Kean: CIA impeded 9/11 inquiry
WASHINGTON -- The chairman of the Sept. 11 commission Monday criticized the CIA, accusing the U.S. spy agency of interfering with the panel's work.
Former New Jersey Gov. Thomas Kean told CNN the CIA should have turned over tapes of agents interrogating suspected terrorists with "enhanced" techniques, including waterboarding. The CIA earlier this month admitted destroying several tapes and the admission has prompted a series of investigations.
"I'm not a lawyer and I'm not sure if they broke the law or not," Kean said. "But what they did do is, I think, try to impede our investigation, because we asked for legitimate -- anything to do with those detainees, because they were the ones who knew most about the plot of 9/11 and that was our mandate.
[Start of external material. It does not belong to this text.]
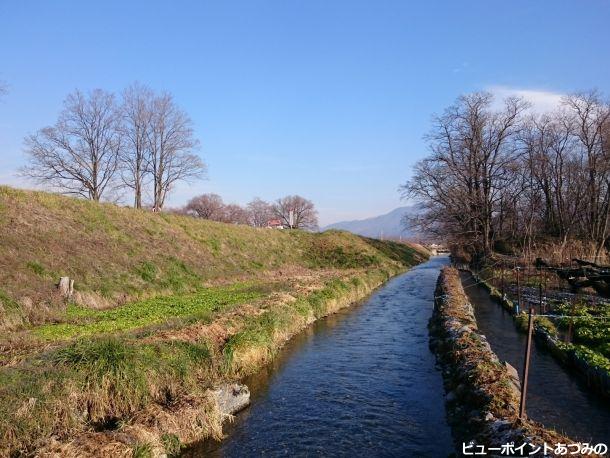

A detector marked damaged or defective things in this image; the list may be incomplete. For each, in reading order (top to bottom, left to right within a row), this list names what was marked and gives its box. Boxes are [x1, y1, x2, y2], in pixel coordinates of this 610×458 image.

rusty metal pole [516, 308, 532, 418]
And we asked the CIA for everything having to do with those and we asked them not on one occasion but three and four and five and six occasions, and those tapes were not made available to us."
Kean said CIA arguments that the Sept. 11 commission didn't specifically request the tapes amounts to "parsing" its words.
"We asked for every single thing that they had," Kean stated. "And then my vice chairman, Lee Hamilton, looked the director of the CIA in the face, and said, 'Look, even if we haven't asked for something, if it's pertinent to our investigation, make it available to us.' And our staff asked again and again of their staff and the tapes were not given to us."